Here is its output for teuthology-suite --dry-run -vv -s kcephfs:cephfs
:
http://fpaste.org/261703/14410566/
#7 Updated by Zack Cerza over 8 years ago
- Status changed from 12 to Need More Info
- Assignee set to Greg Farnum
Greg, the feature I mentioned in the previous comment is merged into master. Please see if you can reproduce the problem using that.
#8 Updated by Greg Farnum over 8 years ago
- Assignee changed from Greg Farnum to Zack Cerza
Well, I tried to on three different machines.
rex004 hangs when I execute it, I think because it doesn't have a VPN connection to sepia and so can't reach the lock server.
Sepia's teuthology box seems to have a version of teuthology from June, and when I attempted to update everything barfed because it wanted libpython-dev (which doesn't seem to exist for its Ubuntu, although python-dev is installed).
magna002 failed on some stupid thing but started working when I updated, deleted the virtualenv, and recreated it. I get similar/the same output to what you do. I also tried checking out the version of teuthology that sepia's machine seems to be running and scheduled a single job, and things looked fine. (This was my only idea as to what might be broken.)

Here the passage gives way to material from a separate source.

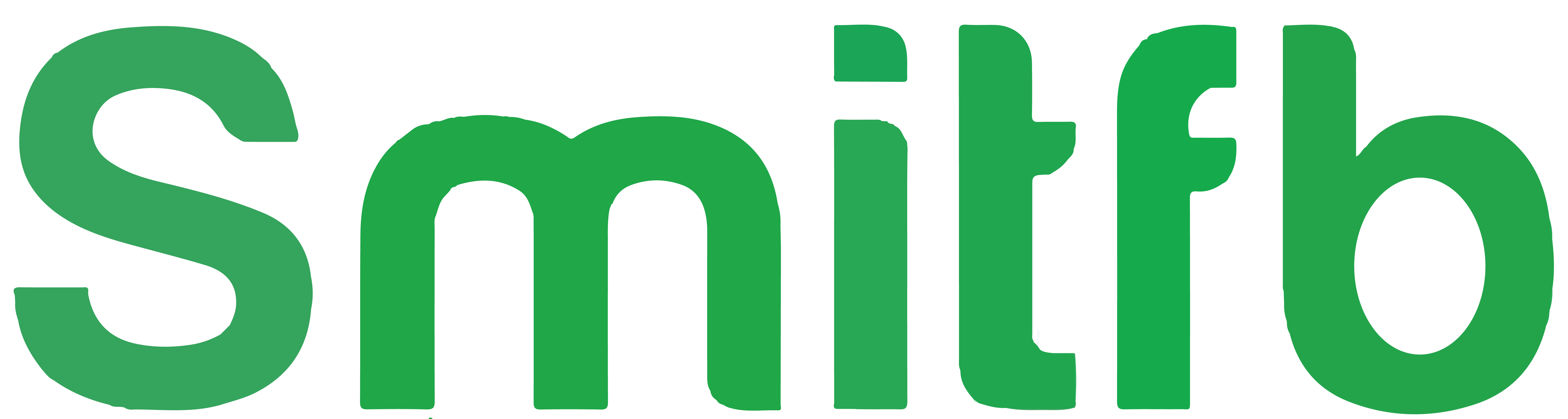 Logo Smit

So at this point all I can say is yes, the things you are showing me here seem to indicate that it's working. But nonetheless, when running scheduled jobs we are not getting "debug mds: 20" included in the configs. We need it to do so. Perhaps the sepia teuthology box is not actually grabbing the newest ceph-qa-suite checkouts to schedule against? But if I look at /home/teuthology/src/ceph-qa-suite_master it's currently on
commit 8331556b9b8f947319433b6a0bb234088ba073c0 Merge: 5df0ceb e8d4cf1 Author: David Zafman <dzafman@redhat.com> Date: Tue Sep 1 12:27:12 2015 -0700
which looks to be the newest one. Despite that, looking at http://pulpito.ceph.com/teuthology-2015-08-31_23:08:01-kcephfs-master-testing-basic-multi/ (the newest one in pulpito) we still aren't getting the "debug mds" line included. I would wonder if I had done something truly stupid like put it in the wrong branch or suite or something if all our other attempts to reproduce it elsewhere weren't behaving as expected...
#9 Updated by Greg Farnum over 8 years ago
- Status changed from Need More Info to Rejected
Ugh. Okay, the last run that didn't have the debug mds settings I was interested in...didn't have that yaml fragment included, by virtue of being in a different subsuite. I should have spotted this earlier but was primed for it to be broken because it also took a long time from us including the yaml fragment to it being included in a suite result, but I think that's just the unfortunately long queue times we've got going on right now.